“Qurbani—that's our biggest holiday of the year. We go through hundreds of goat and lamb in a day. This is my chance to prove that I'm worthy to run this business.”
At first glance, Imran Uddin is just another 27-year-old New Yorker struggling to take over his family's business—what's unique is that his father's business is a "pick-your-own" slaughterhouse. The son of an immigrant, Imran must confront his mixed Bangladeshi-Puerto Rican heritage and gain acceptance from his father's conservative Muslim community. On one of Islam's holiest days, Imran must lead a sacrifice that will define him as a Muslim, as an American and as a son.
During the holiday of Eid-al-Adha, also known as Qurbani, Muslims are commanded to slaughter a goat, lamb or bull to honor the Koranic story of Abraham's willingness to sacrifice his son for God. The event draws hundreds of families to the Uddins' slaughterhouse in Queens, New York City. The annual celebration holds symbolic meaning for the fathers who pass this tradition on to their sons. The slaughter also means grueling work, and Imran's efforts to manage the slaughterhouse culminate with his preparation for the Qurbani holiday. Yet, even as he toils, Imran, who is the son of a Bangladeshi father and a Puerto Rican mother, is challenged as not being "Muslim enough" by some of the slaughterhouse clients.
A SON'S SACRIFICE traces Imran's journey to convince himself, his father and his Muslim brethren that he is a part of their community. Produced by a Muslim-Jewish filmmaking team, the Uddin family's intergenerational story speaks to the shared experience of the children of immigrants.
What is halal?
For Muslims, the word halal describes what is lawful in Islam. Halal dietary laws dictate certain conditions for the preparation of meat, namely that slaughtering must be done by a Muslim who recites the name of God over the animal. The animal’s veins and arteries must be severed at the neck and the blood must be allowed to leave the body. The sharpness of the knife and the isolation of the slaughtering are stressed, so as to take the animal’s life in the most painless and respectful way. Halal laws also describe the types of animals and foods that are lawful for consumption, the main prohibition being swine.
What is Eid or Qurbani?
One of the most important holidays on the Muslim calendar is Eid al Adha (The Festival of Sacrifice), or Qurbani, as Muslims from South Asia often refer to it. The holiday marks the end of the annual pilgrimage to Mecca. On that day, Muslims celebrate the story of Abraham’s willingness to sacrifice his own son for God, as well as his son’s submission to the task. In the story, common to Jews and Christians as well, God rewards father and son and relieves them of their burden by putting a ram in the son’s place.

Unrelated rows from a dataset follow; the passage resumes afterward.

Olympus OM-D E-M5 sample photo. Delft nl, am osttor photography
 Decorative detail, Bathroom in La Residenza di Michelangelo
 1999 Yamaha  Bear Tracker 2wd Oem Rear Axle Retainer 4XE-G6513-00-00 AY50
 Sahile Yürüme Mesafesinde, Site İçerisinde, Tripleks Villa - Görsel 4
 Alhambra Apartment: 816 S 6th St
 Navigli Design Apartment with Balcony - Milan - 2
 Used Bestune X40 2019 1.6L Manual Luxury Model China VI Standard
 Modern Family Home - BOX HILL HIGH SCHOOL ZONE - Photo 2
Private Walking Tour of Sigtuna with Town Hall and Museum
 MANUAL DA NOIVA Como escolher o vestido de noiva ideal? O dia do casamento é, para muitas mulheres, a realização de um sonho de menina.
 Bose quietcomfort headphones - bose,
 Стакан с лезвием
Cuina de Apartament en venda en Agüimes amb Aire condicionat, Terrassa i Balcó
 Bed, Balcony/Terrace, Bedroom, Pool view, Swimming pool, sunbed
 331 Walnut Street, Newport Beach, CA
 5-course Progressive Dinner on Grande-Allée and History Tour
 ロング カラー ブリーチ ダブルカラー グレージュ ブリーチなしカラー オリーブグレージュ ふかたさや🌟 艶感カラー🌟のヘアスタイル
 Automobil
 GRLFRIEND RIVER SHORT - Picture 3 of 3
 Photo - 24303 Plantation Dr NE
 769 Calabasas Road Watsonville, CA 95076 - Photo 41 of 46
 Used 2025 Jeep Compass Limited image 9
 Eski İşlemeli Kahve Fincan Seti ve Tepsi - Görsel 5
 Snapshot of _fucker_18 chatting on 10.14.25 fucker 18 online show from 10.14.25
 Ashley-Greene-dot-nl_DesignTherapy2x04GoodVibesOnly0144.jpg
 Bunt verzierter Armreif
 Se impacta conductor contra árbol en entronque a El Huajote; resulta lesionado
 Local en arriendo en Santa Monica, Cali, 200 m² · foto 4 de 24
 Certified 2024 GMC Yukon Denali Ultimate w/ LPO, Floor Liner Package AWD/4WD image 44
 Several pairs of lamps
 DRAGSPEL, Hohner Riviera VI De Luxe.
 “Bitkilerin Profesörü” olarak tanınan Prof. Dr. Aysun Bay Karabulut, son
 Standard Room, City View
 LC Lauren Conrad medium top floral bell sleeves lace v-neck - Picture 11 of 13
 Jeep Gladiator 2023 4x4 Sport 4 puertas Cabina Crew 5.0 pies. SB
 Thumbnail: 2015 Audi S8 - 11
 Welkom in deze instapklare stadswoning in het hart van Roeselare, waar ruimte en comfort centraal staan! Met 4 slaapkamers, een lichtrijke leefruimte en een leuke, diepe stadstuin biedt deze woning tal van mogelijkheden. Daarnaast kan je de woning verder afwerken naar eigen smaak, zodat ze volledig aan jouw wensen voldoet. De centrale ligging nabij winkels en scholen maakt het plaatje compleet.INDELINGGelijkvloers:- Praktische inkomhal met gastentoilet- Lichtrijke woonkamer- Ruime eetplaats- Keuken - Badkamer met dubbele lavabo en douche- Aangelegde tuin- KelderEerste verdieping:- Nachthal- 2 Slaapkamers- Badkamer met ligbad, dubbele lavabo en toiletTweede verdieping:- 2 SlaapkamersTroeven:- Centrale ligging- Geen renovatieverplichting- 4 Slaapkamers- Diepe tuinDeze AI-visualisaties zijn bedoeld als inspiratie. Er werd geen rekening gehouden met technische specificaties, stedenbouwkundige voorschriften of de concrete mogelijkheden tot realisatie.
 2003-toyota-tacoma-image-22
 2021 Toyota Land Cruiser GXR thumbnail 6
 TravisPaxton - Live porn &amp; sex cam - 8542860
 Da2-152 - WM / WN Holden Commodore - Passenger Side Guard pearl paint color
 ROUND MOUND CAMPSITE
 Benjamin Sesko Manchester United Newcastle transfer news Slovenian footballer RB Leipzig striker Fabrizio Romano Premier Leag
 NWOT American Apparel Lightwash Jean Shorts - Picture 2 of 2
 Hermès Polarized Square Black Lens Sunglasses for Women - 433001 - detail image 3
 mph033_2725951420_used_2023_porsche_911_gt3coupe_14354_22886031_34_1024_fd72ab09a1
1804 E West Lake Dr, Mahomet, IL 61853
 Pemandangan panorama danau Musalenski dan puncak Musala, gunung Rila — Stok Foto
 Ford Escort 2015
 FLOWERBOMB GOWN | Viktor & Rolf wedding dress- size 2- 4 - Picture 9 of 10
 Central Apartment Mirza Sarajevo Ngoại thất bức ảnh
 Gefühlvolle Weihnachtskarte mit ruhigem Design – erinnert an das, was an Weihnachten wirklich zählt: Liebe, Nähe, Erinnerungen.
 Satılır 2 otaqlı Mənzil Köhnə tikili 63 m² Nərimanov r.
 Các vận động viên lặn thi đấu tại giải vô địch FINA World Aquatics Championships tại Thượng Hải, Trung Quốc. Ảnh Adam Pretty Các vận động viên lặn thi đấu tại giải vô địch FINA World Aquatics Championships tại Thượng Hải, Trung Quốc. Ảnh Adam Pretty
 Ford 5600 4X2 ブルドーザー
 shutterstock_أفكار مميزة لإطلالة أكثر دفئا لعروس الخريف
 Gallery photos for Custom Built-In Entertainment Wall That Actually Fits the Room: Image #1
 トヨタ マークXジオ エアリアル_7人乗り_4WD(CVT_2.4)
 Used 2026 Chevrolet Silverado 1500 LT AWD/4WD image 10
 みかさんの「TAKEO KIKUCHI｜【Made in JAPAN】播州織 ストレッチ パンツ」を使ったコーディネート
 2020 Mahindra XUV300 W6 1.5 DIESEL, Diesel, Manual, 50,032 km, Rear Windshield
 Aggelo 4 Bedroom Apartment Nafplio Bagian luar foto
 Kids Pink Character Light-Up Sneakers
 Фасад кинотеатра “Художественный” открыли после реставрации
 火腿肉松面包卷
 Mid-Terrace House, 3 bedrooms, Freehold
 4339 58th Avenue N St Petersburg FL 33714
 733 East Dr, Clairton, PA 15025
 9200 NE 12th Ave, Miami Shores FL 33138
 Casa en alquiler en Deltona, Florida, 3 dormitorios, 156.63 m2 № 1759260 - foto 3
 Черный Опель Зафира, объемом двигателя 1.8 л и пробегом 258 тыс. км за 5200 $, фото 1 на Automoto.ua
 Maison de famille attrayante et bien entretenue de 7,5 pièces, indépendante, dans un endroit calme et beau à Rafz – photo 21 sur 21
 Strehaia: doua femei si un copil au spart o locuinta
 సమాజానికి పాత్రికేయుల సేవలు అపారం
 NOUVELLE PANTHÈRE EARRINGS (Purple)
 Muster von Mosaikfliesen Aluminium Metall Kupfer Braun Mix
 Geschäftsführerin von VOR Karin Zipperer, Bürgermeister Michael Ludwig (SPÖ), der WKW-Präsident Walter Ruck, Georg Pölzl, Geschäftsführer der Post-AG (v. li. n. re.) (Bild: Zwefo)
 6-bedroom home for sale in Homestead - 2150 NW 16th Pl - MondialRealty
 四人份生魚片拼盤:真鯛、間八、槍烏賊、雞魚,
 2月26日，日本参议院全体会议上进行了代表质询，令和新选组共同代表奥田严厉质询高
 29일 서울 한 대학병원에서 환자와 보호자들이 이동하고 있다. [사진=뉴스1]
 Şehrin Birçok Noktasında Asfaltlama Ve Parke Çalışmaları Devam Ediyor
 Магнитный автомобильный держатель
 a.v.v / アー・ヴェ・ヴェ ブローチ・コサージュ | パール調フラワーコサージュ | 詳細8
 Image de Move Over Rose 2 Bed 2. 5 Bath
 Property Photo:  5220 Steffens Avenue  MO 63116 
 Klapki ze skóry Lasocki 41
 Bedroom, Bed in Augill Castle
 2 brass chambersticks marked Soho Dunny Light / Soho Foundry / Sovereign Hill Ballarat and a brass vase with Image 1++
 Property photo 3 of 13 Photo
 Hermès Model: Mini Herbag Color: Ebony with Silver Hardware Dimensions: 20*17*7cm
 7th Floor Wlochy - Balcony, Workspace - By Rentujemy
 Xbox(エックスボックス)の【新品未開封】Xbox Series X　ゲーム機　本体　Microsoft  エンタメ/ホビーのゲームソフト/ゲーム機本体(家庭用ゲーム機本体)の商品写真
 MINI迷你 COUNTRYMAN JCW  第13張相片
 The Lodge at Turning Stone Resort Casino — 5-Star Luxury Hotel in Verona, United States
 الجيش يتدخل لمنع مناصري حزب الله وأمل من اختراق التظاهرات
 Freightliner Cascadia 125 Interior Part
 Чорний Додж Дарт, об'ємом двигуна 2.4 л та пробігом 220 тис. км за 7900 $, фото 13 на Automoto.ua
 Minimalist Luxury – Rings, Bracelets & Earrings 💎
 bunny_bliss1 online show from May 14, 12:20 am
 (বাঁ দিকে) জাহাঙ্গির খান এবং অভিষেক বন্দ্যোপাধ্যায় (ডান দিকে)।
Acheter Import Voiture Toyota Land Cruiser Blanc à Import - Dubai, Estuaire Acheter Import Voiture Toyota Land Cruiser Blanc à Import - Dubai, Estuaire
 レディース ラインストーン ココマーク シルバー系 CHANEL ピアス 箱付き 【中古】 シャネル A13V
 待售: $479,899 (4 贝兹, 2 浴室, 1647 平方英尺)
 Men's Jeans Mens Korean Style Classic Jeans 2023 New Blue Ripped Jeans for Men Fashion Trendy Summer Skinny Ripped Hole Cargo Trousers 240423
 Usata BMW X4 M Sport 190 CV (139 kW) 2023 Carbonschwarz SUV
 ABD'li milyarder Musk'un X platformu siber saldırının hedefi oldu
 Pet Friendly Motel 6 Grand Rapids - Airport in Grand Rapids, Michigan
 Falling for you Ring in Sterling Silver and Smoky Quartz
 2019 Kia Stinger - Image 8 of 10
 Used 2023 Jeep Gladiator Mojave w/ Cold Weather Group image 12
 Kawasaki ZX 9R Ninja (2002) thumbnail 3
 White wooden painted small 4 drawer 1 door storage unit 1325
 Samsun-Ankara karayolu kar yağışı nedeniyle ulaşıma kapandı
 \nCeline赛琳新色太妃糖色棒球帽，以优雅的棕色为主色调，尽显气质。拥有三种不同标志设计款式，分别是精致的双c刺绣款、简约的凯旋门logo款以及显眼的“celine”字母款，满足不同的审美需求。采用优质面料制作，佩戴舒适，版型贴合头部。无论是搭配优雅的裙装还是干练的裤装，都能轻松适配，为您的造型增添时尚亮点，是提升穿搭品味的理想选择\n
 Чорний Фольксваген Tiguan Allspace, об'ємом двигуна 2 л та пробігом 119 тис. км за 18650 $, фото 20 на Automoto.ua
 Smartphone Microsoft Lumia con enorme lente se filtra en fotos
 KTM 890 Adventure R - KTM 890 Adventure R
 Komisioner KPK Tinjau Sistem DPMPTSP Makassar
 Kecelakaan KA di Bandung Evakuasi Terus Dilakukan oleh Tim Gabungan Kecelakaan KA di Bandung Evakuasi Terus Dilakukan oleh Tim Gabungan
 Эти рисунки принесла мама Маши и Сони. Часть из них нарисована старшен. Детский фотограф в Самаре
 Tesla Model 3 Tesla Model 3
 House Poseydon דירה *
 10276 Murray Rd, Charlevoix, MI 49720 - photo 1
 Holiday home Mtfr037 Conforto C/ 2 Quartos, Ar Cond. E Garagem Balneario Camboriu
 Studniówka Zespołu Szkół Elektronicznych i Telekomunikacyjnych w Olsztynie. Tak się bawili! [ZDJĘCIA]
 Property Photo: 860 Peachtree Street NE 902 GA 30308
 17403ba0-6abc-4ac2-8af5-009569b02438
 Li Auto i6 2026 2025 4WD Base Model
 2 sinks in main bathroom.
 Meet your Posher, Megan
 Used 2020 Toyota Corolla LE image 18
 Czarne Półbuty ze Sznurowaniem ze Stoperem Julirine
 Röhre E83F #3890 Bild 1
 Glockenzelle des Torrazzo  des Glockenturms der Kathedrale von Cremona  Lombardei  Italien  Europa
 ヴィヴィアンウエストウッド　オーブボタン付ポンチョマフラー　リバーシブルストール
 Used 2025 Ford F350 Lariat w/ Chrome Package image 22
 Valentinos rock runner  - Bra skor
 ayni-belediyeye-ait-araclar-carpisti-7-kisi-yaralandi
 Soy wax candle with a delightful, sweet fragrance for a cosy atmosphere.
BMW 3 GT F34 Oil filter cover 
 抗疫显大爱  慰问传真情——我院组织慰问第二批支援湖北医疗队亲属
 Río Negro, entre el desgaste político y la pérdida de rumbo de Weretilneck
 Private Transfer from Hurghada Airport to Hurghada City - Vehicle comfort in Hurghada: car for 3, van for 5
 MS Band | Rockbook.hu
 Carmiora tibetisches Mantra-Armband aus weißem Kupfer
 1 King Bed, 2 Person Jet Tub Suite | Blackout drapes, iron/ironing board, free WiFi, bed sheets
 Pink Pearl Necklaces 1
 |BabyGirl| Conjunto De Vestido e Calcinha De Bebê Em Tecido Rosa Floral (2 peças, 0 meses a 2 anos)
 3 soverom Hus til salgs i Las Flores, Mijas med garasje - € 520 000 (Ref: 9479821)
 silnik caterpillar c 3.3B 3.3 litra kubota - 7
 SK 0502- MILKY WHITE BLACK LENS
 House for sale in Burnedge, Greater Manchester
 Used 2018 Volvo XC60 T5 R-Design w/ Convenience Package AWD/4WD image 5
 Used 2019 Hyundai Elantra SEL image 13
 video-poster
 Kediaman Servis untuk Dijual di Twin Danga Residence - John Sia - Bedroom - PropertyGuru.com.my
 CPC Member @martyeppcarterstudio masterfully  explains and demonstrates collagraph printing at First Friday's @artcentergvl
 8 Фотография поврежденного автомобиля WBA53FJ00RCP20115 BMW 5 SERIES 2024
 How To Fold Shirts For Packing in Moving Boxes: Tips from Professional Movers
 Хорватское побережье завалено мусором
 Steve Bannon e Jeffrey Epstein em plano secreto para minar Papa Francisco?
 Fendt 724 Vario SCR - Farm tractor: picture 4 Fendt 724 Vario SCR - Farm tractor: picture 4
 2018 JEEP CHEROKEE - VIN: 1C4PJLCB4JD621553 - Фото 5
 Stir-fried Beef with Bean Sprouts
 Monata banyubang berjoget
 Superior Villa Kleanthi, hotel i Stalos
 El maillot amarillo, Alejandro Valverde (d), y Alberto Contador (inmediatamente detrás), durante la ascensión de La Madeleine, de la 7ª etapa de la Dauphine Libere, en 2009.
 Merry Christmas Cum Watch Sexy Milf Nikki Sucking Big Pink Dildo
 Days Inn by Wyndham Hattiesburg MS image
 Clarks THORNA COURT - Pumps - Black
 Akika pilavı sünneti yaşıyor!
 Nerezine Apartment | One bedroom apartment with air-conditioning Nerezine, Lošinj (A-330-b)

Muslims commemorate the story by sacrificing an animal, usually a goat or lamb, on the holiday. Families are allowed to keep as much as one-third of the meat, and the rest is donated to the needy. The celebrations on Eid and the days following differ around the world, but they are sure to include plenty of feasting with family.
Filmmakers Yoni Brook and Musa Syeed provided updates in December 2007 on what the family in A SON'S SACRIFICE has been up to since filming ended:
Imran has taken over the slaughterhouse with gusto, thinking of creative ways to market his services and streamline the operation. He has expanded the slaughterhouse to an adjacent building and is planning to distribute his "Madani" brand of halal meat nationwide. His father, Riaz, has taken a less active role, devoting more of his time to spiritual reflection and community work.
The family has been very active in supporting our outreach efforts, and they have spoken at festivals and organized university screenings on our behalf.
In spring 2007, the Uddin family, with filmmakers Yoni Brook and Musa Syeed, transformed their slaughterhouse into "HalalFest," a block party celebrating the New York premiere of A SON'S SACRIFICE at the 2007 Tribeca Film Festival. A rock band, traditional Bangladeshi youth dancers and break dancers filled the yard where goats and sheep normally graze. Donated yellow schoolbuses brought Manhattanites into the netherworld of Queens where visitors tasted halal food from neighborhood Bengali and West Indian restaurants. The event culminated with a free screening of the film for the local community and slaughterhouse customers.